| Collected material |
━━━━━━━━━━━━━━━━━━━━━━━━━━━━━━

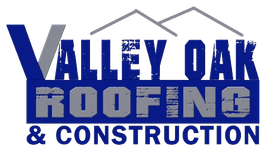 Valley Oak Roofing & Construction logo in blue and gray with stylized roofline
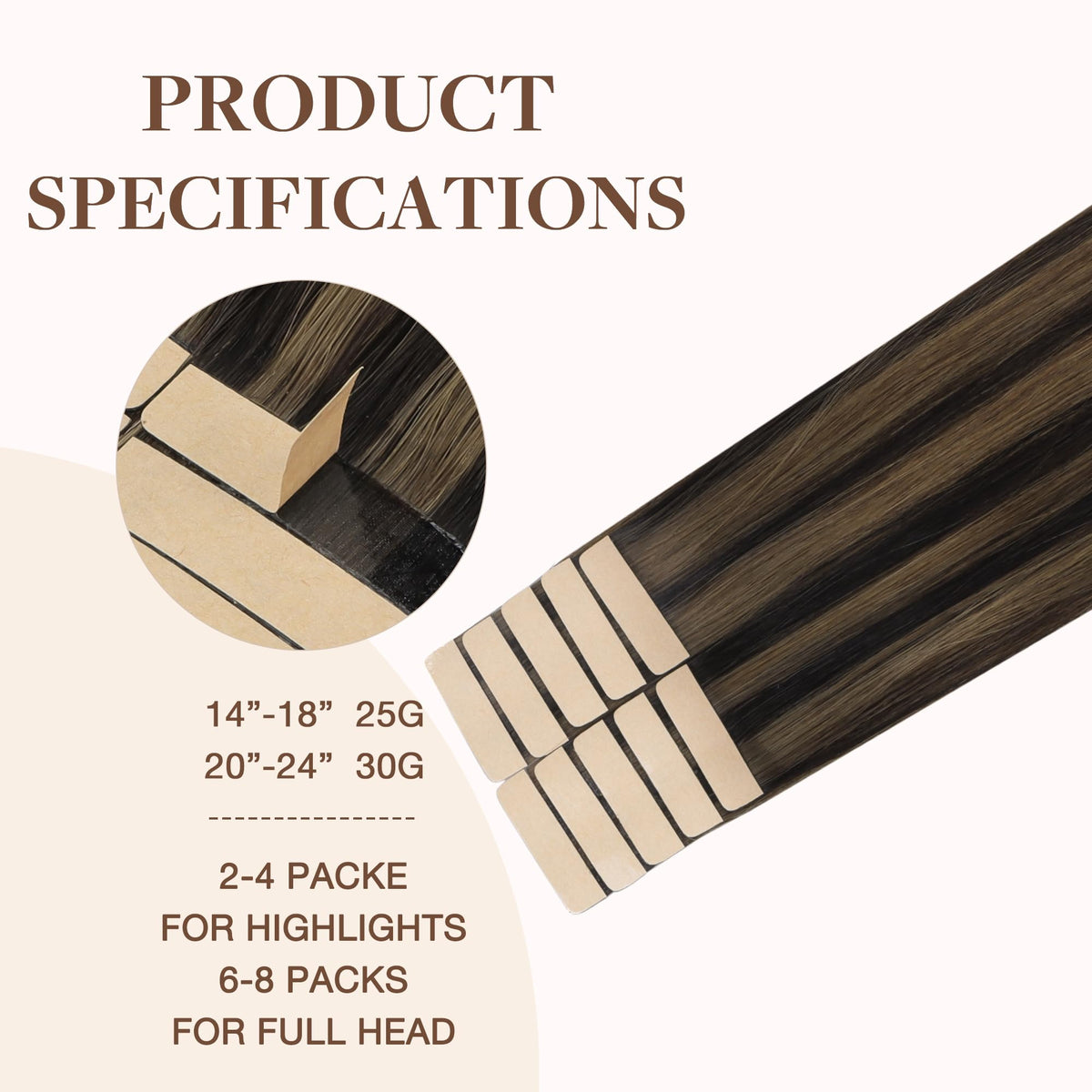 GOO GOO Tape in Hair Extensions 10pcs close-up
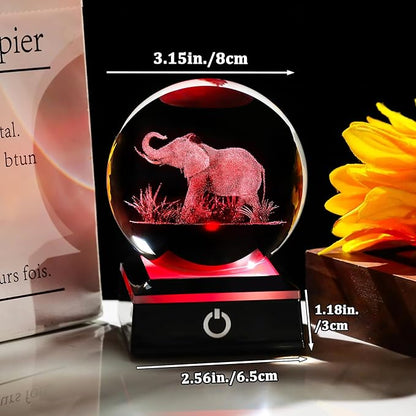 Arikyrist 3D Crystal Ball Elephant Figurine with Colorful Light Base, Laser Elephant Gifts for Women Men, Glass Elephants Statue Decorative Ball for Home Office (80mm)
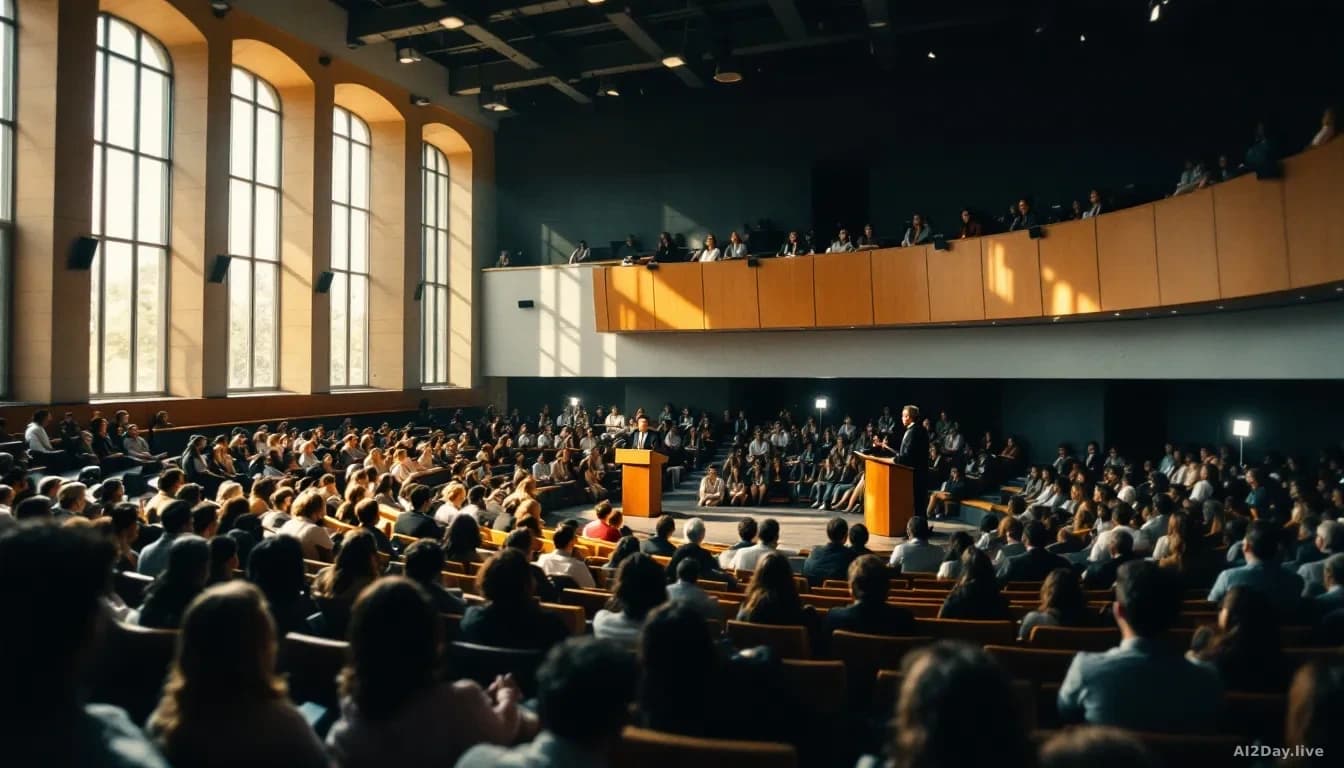 University lecture hall with a professor at a podium addressing rows of students seated in tiered seating, natural light from tall windows illuminating the acad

━━━━━━━━━━━━━━━━━━━━━━━━━━━━━━

| About this task |
What you return should match the material line for line, with the images removed.

| Response area |
 Valley Oak Roofing & Construction logo in blue and gray with stylized roofline
 GOO GOO Tape in Hair Extensions 10pcs close-up
 Arikyrist 3D Crystal Ball Elephant Figurine with Colorful Light Base, Laser Elephant Gifts for Women Men, Glass Elephants Statue Decorative Ball for Home Office (80mm)
 University lecture hall with a professor at a podium addressing rows of students seated in tiered seating, natural light from tall windows illuminating the acad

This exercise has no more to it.